### Your objective
Pictures are to be left out; otherwise, copy exactly the lines from the line containing "Sites similar to prefabstairs.com.au" through the end of the data.

### Source data
Content starts

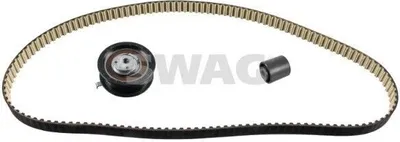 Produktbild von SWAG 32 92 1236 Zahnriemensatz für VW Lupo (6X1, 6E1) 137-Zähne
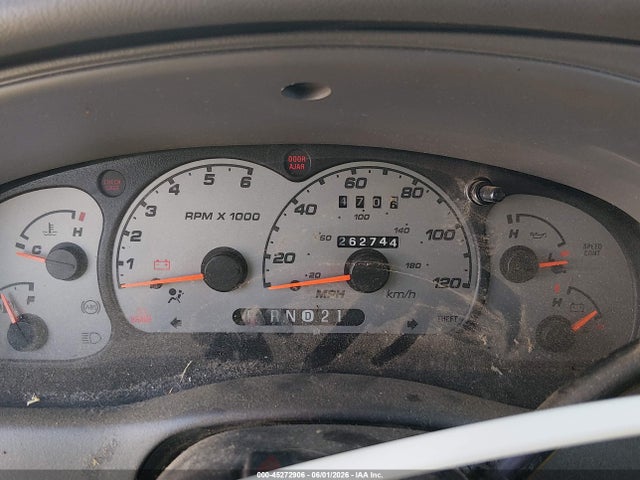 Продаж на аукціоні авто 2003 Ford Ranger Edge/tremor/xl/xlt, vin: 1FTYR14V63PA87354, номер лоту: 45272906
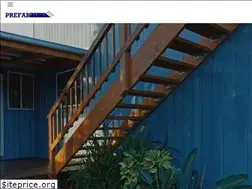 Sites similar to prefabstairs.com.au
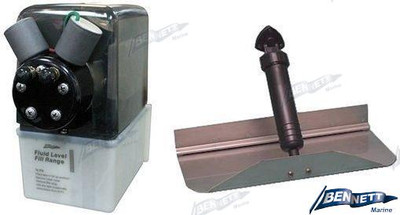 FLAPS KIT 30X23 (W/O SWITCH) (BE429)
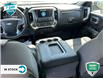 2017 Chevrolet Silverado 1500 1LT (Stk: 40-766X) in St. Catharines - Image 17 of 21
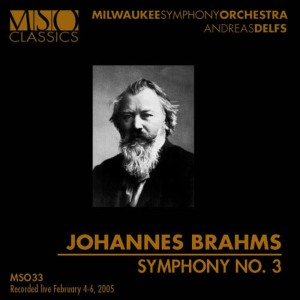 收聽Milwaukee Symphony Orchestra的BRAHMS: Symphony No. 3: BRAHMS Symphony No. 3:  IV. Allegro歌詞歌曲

Content ends

### Answer
 Sites similar to prefabstairs.com.au
 FLAPS KIT 30X23 (W/O SWITCH) (BE429)
 2017 Chevrolet Silverado 1500 1LT (Stk: 40-766X) in St. Catharines - Image 17 of 21
 收聽Milwaukee Symphony Orchestra的BRAHMS: Symphony No. 3: BRAHMS Symphony No. 3:  IV. Allegro歌詞歌曲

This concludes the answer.